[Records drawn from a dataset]
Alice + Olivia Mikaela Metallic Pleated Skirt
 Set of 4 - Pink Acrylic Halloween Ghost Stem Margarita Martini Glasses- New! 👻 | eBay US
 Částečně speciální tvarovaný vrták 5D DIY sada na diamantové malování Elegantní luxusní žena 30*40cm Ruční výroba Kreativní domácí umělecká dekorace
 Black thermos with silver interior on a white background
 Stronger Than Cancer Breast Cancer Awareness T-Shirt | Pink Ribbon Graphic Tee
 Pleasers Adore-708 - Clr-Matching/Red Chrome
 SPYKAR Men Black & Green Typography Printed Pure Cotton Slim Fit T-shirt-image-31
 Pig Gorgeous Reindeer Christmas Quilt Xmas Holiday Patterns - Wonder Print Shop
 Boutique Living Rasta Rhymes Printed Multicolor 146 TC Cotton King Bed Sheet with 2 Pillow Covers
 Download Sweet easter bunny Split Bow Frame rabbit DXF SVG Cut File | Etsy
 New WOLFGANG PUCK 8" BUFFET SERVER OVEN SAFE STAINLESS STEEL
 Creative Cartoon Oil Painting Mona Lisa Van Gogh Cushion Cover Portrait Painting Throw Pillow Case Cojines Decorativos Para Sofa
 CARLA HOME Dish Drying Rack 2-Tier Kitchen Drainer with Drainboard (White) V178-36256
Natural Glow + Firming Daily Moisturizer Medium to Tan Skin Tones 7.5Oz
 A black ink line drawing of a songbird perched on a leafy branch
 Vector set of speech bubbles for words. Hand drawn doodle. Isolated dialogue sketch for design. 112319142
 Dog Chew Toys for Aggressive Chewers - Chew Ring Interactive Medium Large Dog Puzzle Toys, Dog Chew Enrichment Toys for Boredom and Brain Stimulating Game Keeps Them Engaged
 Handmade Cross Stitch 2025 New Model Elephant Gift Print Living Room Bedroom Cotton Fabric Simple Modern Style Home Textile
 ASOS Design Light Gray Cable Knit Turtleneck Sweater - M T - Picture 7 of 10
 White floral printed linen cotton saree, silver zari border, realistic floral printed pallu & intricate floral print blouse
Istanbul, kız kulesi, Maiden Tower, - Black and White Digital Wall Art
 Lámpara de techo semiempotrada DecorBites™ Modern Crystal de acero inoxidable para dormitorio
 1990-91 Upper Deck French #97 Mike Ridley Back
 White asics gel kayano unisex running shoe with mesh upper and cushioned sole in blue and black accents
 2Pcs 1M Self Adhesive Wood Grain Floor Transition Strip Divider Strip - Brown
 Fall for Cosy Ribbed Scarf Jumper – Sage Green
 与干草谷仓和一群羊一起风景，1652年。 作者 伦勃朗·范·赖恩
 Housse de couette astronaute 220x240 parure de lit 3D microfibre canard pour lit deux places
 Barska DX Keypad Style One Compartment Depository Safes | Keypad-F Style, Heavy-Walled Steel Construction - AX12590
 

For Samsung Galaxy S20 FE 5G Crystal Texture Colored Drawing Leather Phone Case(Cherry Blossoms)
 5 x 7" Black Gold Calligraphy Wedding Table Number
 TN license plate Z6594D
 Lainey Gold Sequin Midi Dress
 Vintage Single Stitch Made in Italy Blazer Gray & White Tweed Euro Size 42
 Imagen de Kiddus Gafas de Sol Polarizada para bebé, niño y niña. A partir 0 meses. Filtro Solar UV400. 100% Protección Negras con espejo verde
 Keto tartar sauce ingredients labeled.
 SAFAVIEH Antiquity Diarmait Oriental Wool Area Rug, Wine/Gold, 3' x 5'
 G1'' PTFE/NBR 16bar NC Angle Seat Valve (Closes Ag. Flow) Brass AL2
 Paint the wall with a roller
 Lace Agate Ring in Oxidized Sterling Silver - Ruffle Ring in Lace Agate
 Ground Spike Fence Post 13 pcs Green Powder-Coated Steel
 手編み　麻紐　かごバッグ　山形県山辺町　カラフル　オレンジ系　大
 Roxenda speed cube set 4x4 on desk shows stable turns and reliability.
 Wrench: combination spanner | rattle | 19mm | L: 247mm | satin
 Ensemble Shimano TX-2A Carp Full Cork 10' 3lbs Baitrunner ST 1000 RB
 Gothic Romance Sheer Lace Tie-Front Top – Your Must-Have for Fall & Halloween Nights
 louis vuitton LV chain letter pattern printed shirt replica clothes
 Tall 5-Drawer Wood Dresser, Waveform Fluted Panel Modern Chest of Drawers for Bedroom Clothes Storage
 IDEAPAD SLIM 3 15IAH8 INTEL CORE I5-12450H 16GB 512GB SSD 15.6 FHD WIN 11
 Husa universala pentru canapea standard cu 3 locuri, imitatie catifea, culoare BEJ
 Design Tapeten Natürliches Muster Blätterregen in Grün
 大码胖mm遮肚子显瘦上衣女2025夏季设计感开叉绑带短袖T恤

- _Task to carry out_: Extract every line above containing the word "Modern".

- _Answer to this exercise_:
 Handmade Cross Stitch 2025 New Model Elephant Gift Print Living Room Bedroom Cotton Fabric Simple Modern Style Home Textile
 Lámpara de techo semiempotrada DecorBites™ Modern Crystal de acero inoxidable para dormitorio
 Tall 5-Drawer Wood Dresser, Waveform Fluted Panel Modern Chest of Drawers for Bedroom Clothes Storage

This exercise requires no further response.